Antes mesmo da pandemia, pesquisadores locais estavam com dificuldade de dar andamento aos trabalhos, alguns com o objetivos importantes de acompanhar e estudar os impactos do petróleo na próxima década.
O Ph.D e professor associado do departamento de oceanografia da Universidade Federal de Pernambuco (UFPE) Gilvan Yogui faz parte de dois projetos aprovados pelo departamento na Facepe e que ainda não receberam os recursos. Um dos coordenadores do Laboratório de Compostos Orgânicos em Ecossistemas Costeiros e Marinhos (OrganoMAR), ele precisou, em fevereiro, junto com outros professores – que inclusive auxiliaram autoridades e órgãos competentes na fase aguda do vazamento -, pagar com dinheiro próprio os recursos para um grande esforço de coleta em fevereiro. Em março, veio a pandemia e aí as pesquisas foram paralisadas.
Por enquanto, o departamento conseguiu garantir apenas a verba de um projeto aprovado pela Coordenação de Aperfeiçoamento de Pessoal de Nível Superior (Capes) e segue submetendo projetos em outras agências de fomento. “Queremos obter respostas importantes sobre os efeitos de longo prazo e quais serão as consequência socioambientais”.

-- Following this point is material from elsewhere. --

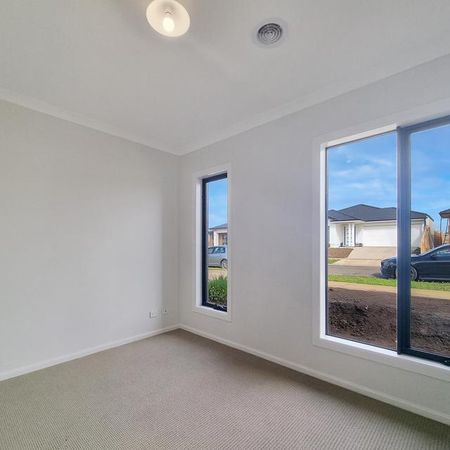 Near New Family Home - Photo 4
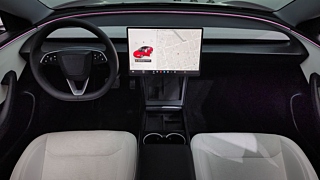 TESLA MODEL 3 2024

Aliás, a nível federal só houve até agora dois editais. Este da Capes e um do Conselho Nacional de Desenvolvimento Científico e Tecnológico (CNPq), lançado somente em julho deste ano, quase um ano após o crime.

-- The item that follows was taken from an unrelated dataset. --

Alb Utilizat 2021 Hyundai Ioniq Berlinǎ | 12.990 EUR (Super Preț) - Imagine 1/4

Uma das pesquisas em que Gilvan está envolvido estuda o aumento da contaminação por petróleo no sedimento do estuário de Rio Formoso, Litoral Sul do estado. Segundo ele, em média, a contaminação, no início de 2020, chegou a aumentar até sete vezes em alguns áreas, na comparação com estudos realizados em 2014.
“Agora temos que continuar os estudos para saber as consequências de longo prazo. Fiz vistoria com Ibama nos estuários, junto a pescadores, e vimos, na época, meros mortos, uma espécie de peixe ameaçada de extinção. Vamos ter ainda que estudar isso. Mas digamos que, na época em que apareceram as manchas, houvesse espécie de peixe em reprodução, as larvas podem ter sido mortas. Isso pode gerar um problema no estoque pesqueiro no oceano daqui a vários anos e só vamos observar isso lá na frente. Então pode ser um impacto a mais para a questão socioeconômica”, explica o especialista.
Gilvan também conta sobre o objeto de pesquisa de outros docentes. O professor Marius Muller, também da oceanografia da UFPE, se dedica a analisar microalgas. Dissolvendo óleo na água e expondo as coletas a esse material, simulando a passagem das manchas de petróleo no ambiente, ele percebeu que o material afetou o crescimento das microalgas. Diminuindo ainda mais a água e baixando a salinidade, simulando desta vez um período de chuvas, ele constatou que o desenvolvimento desses seres vivos foi ainda mais afetado.
“Nesse último verão, tivemos muito problema de branqueamento de corais na costa de Pernambuco. Por coincidência ou não, isso acontece por aumento de temperatura na água. Mas ainda não temos como saber se esse problema teve algo a ver com o óleo”, revela Marios Muller
A professora Lilia Souza Santos, do mesmo grupo, se debruçou sobre os testes de ecotoxicidade. Na época do vazamento, coletando areia debaixo de onde ficaram as manchas de petróleo, ela viu que pequenos fragmentos que apareciam a até cerca de 10 centímetros de distância ficavam contaminados e matavam microcrustáceos.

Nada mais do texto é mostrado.